*Task directions*
The answer is the exact run of lines in the listing below from the line containing "1.72 Carat Princess Lab Diamond" up to and including the line containing "TTO CURLY ROOTS", with pictures removed.

*Extracted records*
****

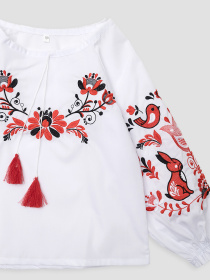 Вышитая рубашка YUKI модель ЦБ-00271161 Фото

****

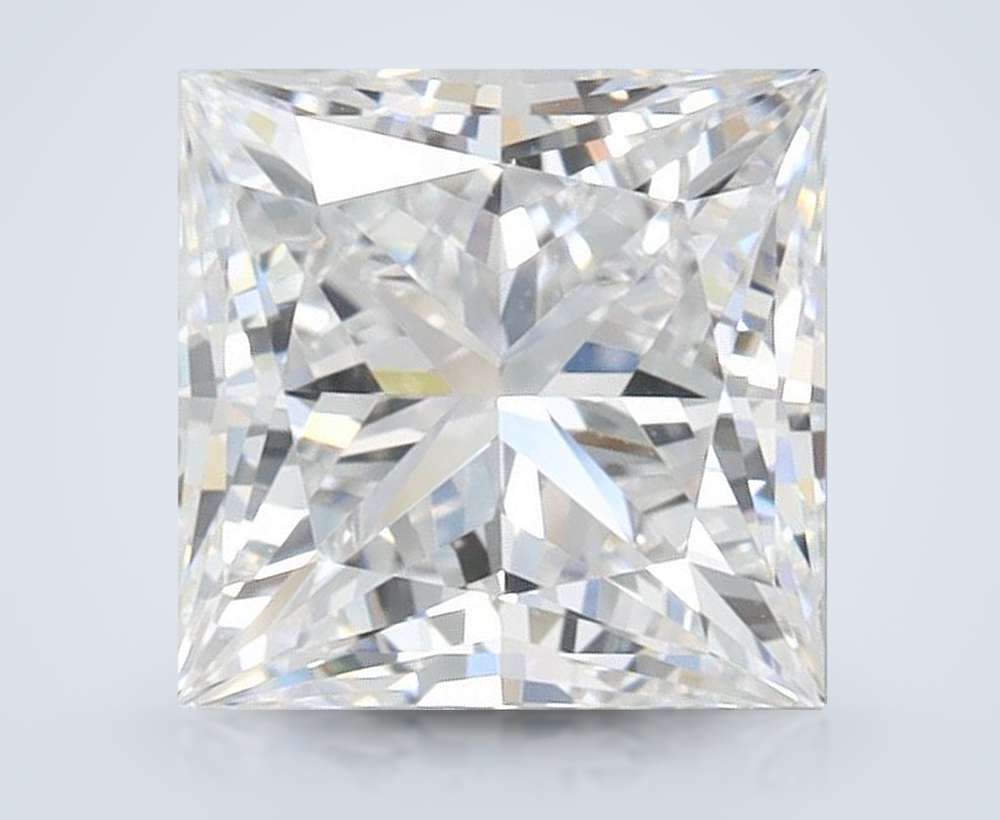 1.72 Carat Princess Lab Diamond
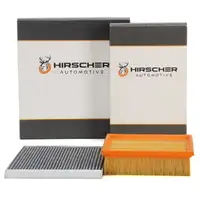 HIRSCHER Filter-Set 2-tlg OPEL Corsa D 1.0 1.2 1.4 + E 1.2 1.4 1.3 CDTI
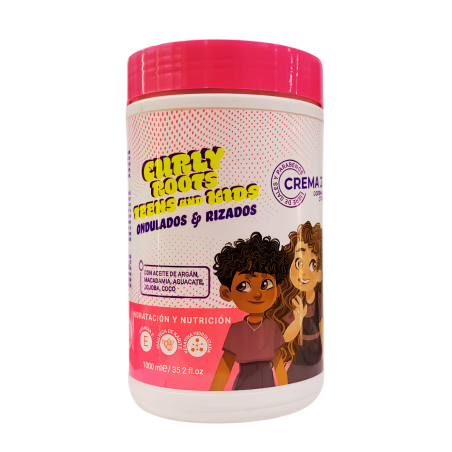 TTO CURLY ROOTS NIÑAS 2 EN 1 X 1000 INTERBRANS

****

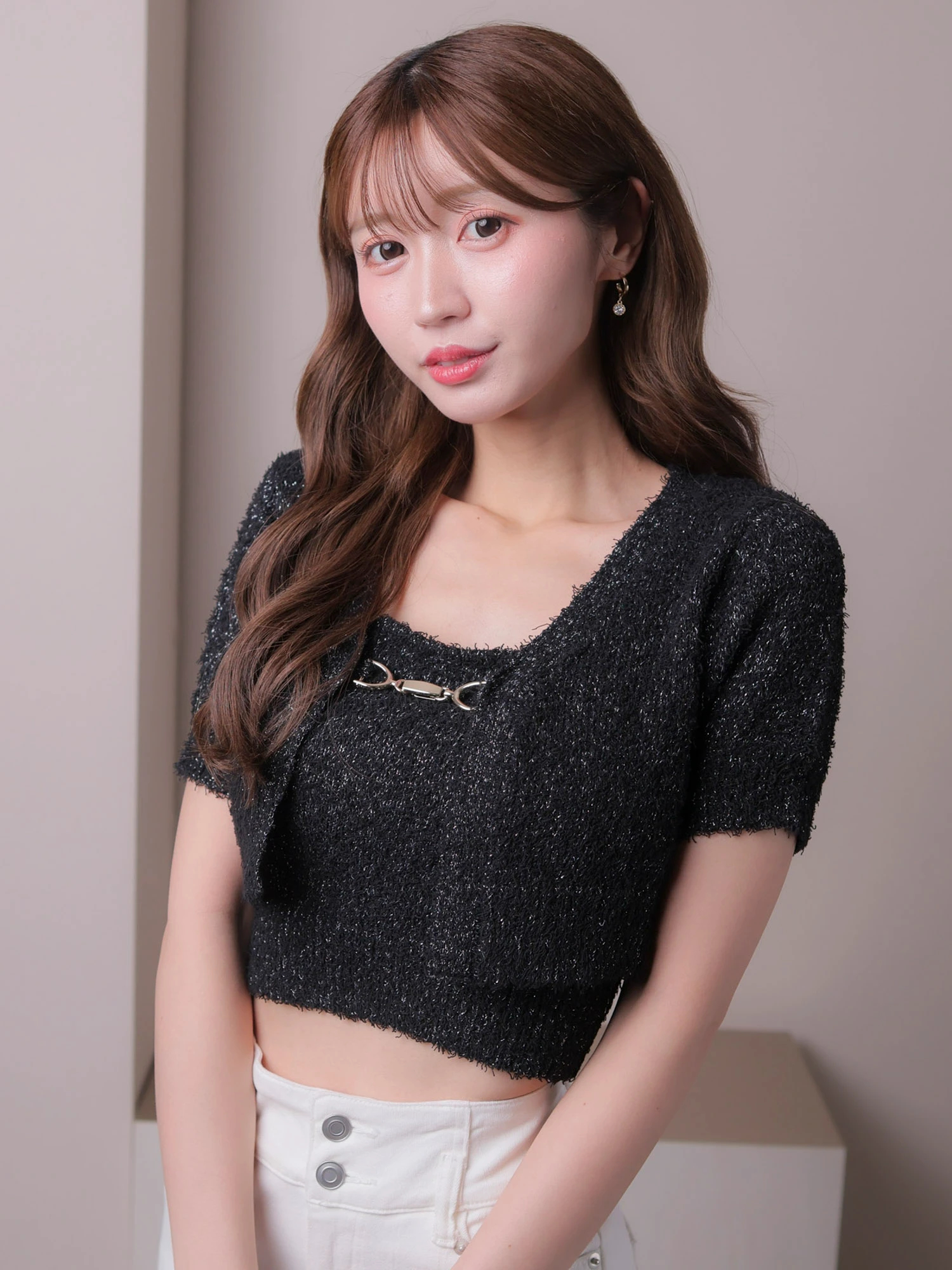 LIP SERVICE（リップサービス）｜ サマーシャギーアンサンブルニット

****

*Expected answer*
 1.72 Carat Princess Lab Diamond
 HIRSCHER Filter-Set 2-tlg OPEL Corsa D 1.0 1.2 1.4 + E 1.2 1.4 1.3 CDTI
 TTO CURLY ROOTS NIÑAS 2 EN 1 X 1000 INTERBRANS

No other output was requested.